Die einer jüdischen Familie entstammende Gräfin, seit Jahren erfahrene Kunstkennerin und Sammlerin, ging wegen der Judenverfolgung 1938 mit 60 Jahren ins schweizerische Exil. Als Gattin eines Schweizers war sie deutsch-schweizerische Doppelbürgerin. Sie hätte mehrere Kunstwerke rechtzeitig in die Schweiz schaffen können, aber enorme Beträge für die sogenannte Reichsfluchtsteuer bezahlen müssen und hatte keinen Zugriff auf das zurückgelassene Vermögen. Über den Verkauf der Bilder und die Verwendung des Erlöses konnte sie theoretisch «frei» verfügen, soweit ihr Flüchtlingsschicksal selbstbestimmtes Handeln überhaupt zuliess. In der Schweiz war ihr Handlungsspielraum jedenfalls grösser als in Nazi-Deutschland.

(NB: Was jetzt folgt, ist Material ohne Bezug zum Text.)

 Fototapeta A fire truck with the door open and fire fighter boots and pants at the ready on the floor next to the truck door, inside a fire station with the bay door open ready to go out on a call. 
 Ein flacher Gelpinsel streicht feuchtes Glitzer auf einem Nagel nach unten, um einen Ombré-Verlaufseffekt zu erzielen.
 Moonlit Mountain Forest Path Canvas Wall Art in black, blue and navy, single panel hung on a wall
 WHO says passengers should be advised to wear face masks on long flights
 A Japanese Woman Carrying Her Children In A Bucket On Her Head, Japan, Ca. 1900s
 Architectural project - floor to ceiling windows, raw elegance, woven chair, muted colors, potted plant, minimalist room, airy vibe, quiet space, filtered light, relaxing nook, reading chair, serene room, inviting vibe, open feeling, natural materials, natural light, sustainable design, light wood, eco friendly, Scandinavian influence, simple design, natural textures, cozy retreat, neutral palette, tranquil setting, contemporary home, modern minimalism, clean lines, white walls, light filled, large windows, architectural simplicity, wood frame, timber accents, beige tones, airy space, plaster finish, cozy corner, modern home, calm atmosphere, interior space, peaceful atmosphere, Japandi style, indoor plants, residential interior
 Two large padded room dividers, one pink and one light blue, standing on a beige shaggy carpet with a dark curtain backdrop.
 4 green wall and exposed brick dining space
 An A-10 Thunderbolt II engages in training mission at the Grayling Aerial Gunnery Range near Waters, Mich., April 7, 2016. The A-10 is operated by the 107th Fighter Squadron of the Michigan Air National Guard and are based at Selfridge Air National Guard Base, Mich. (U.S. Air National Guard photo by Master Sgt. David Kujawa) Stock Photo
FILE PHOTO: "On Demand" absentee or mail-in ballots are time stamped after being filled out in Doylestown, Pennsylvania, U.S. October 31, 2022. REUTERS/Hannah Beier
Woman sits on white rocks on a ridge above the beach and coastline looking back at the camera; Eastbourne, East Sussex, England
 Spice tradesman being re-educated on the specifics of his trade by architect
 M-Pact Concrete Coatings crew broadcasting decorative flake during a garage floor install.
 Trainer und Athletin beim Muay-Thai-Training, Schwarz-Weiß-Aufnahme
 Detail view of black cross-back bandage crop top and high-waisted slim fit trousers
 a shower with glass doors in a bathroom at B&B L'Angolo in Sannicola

Erwerb durch das Kunstmuseum Basel

Der damalige Kunstmuseumsdirektor Georg Schmidt war an der Erwerbung des Rousseau interessiert. Er war wegen der Schätzung der Bilder und der noch anstehenden Zollformalitäten vom Basler Kunsthändler Christoph Bernoulli, der als Mittelsmann der Gräfin tätig war, beigezogen worden. Der Wert des fraglichen Bildes wurde auf 20‘000 Franken geschätzt, Schmidt holte die Emigrantin, wie er sagte, «auf den Boden der Realität» runter und bot 15‘000 Franken. Die Museumskommission drückte den Preis nochmals auf 12‘000 Franken. Dabei handelte es sich im Geld, das aus regulären Mitteln schwerlich aufgebracht werden konnte.

Das Museumsbudget war wegen der Kosten für den kriegsbedingten Schutz der ganzen Sammlung stark belastet. Am Ankauf beteiligten sich Mitglieder der Museumskommission privat – auf «mehrere Schulter» verteilt. Die internen Feststellungen zeigten keinerlei Empathie für die Gräfin, die als «nicht wenig schwierig» eingestuft und wohl wegen ihrer Tierhaltung despektierlich als «Hundelotte» bezeichnet wurde. Höchst befriedigt hielt das Kommissionsprotokoll fest, das Angebot sei ein «zu erwartender Glücksfall infolge des Krieges», und Georg Schmidt erklärte, bei diesem Kauf habe es sich um einen «schandbar billigen Preis» gehandelt.

Georg Schmidt
Der Kunstmuseumsdirektor Georg Schmidt hat «den Rousseau» günstig eingekauft – und von einer Notlage profitiert. (Bild: Archiv Kunstmuseum Basel)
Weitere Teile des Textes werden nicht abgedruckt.